== What the task requires ==
In the entries below, find the line with "J. CREW Ivory" and the line with "Patchpanel Cat. 5e/Cl.d". Return those two lines and all lines between them, exactly.

== Material for this exercise ==
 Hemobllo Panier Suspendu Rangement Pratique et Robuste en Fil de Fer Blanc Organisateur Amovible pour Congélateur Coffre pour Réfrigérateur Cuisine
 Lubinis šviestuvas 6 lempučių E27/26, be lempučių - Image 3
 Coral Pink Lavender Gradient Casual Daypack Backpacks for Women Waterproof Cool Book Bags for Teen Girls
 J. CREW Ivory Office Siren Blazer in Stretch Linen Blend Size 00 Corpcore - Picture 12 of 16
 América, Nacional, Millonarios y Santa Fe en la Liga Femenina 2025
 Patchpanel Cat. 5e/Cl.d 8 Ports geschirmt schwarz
--
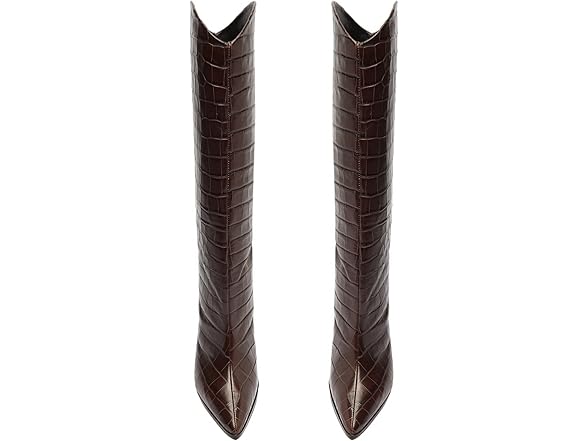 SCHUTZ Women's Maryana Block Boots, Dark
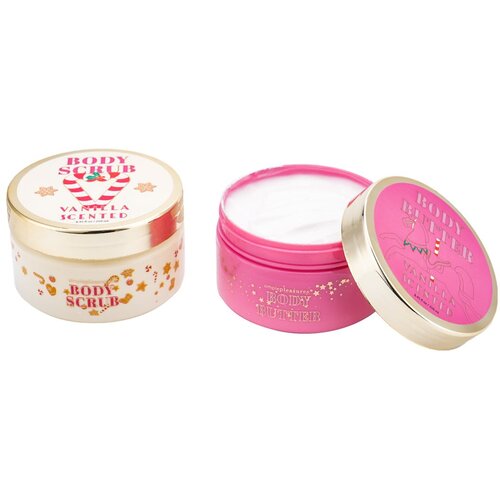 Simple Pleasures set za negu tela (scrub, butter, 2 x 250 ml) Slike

== Written solution ==
 J. CREW Ivory Office Siren Blazer in Stretch Linen Blend Size 00 Corpcore - Picture 12 of 16
 América, Nacional, Millonarios y Santa Fe en la Liga Femenina 2025
 Patchpanel Cat. 5e/Cl.d 8 Ports geschirmt schwarz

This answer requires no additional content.